Prasugrel is an oral and irreversible third-generation thienopyridine that shows good potential as an alternative to clopidogrel therapy. Similar to clopidogrel, prasugrel is a prodrug requiring biotransformation to an active metabolite via the CYP system. However, a recent analysis of data from the phase III Trial to Assess Improvement in Therapeutic Outcomes by Optimizing Platelet Inhibition with Prasugrel Thrombolysis In Myocardial Infarction 38 (TRITON-TIMI 38) study (NCT00097591) has shown that, unlike clopidogrel, the common functional genetic variants in CYP genes have no effect on active prasugrel metabolite levels, the resulting platelet reactivity or clinical cardiovascular event rates among patients receiving the drug.78 While prasugrel has been shown to induce more rapid and more potent platelet inhibition compared with clopidogrel,21,79,80 this improvement in clinical efficacy comes at the expense of excess bleeding among patients with ACS undergoing PCI.21 However, no such increase in bleeding was observed among subsets of patients with diabetes81 or ST-segment- elevation myocardial infarction (STEMI).82 Data from a recent study suggest that pharmacodynamic and genetic information may have clinical relevance in overcoming clopidogrel resistance and avoiding ischaemic and bleeding events among high-risk patients.83 However, this study is limited by its very small size (n=7) and the specific characteristics in the selected patients: all patients had STEMI and exhibited clinical resistance (stent thrombosis on clopidogrel treatment) and biological resistance (high platelet aggregation). Additionally, four of the seven patients had a history of MI, and six patients were CYP2C19*2 carriers.

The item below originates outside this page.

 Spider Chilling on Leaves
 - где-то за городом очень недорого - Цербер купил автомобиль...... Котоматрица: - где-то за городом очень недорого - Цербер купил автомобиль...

The novel non-thienopyridine P2Y12 ADP receptor antagonist ticagrelor (AZD 6140) has recently demonstrated its clinical potency. This agent acts directly on the P2Y12 receptor. Data from A Study of Platelet Inhibition and Patient Outcomes (PLATO) demonstrate significant reductions in the rate of cardiac death, MI or stroke with ticagrelor over clopidogrel among patients with ACS.84 Recent data from phase II studies also show that ticagrelor elicits a more rapid onset and offset of platelet inhibition compared with clopidogrel in patients with stable coronary artery disease (CAD) receiving concomitant aspirin therapy.85,86 The ability to rapidly and reversibly inhibit platelet reactivity makes ticagrelor an attractive new candidate in platelet inhibition therapy. However, the twice-daily dosing schedule of ticagrelor has raised concerns regarding patient compliance.
Genetic Testing to Predict Responsiveness
As previously mentioned, genetic factors have been proposed to influence patient responsiveness to antiplatelet therapies.28,29 Importantly, some genetic polymorphisms have been associated with cardiovascular complications and increased rates of major cardiovascular events.21,34,52–54 In particular, findings on CYP2C19 have been of the most interest, with the greatest consistency in the literature with regard to clopidogrel response. Moreover, there are strong prognostic implications for carriers of the allele receiving clopidogrel therapy.52–54,87 Carriage of the CYP2C19*2 allele is associated with significant excess mortality owing to increased risk of stent thrombosis among patients treated with clopidogrel following stent implantation.87,88 The presence of this polymorphism can therefore be interpreted as an independent predictor of recurrent events, especially in patients with ACS who have undergone stent PCI and are exposed to clopidogrel.88 While specific genetic polymorphisms are therefore known to affect clopidogrel response, there is ongoing debate as to whether these polymorphisms have a direct clinical impact, particularly among stable patients without stenting. This underscores that there is indeed merit in the use of genetic testing; the findings concerning CYP2C19*2 have prompted many to suggest genetic testing for this polymorphism to predict clopidogrel response. Genetic information about drug metabolism can be used to assist in subsequent clinical decisions regarding drug therapy, but this practice is not recommended as there is currently insufficient evidence to support the use of genetic testing in this way. This highlights the need for additional investigation and prospective studies to establish how to best treat patients based on their genotypes.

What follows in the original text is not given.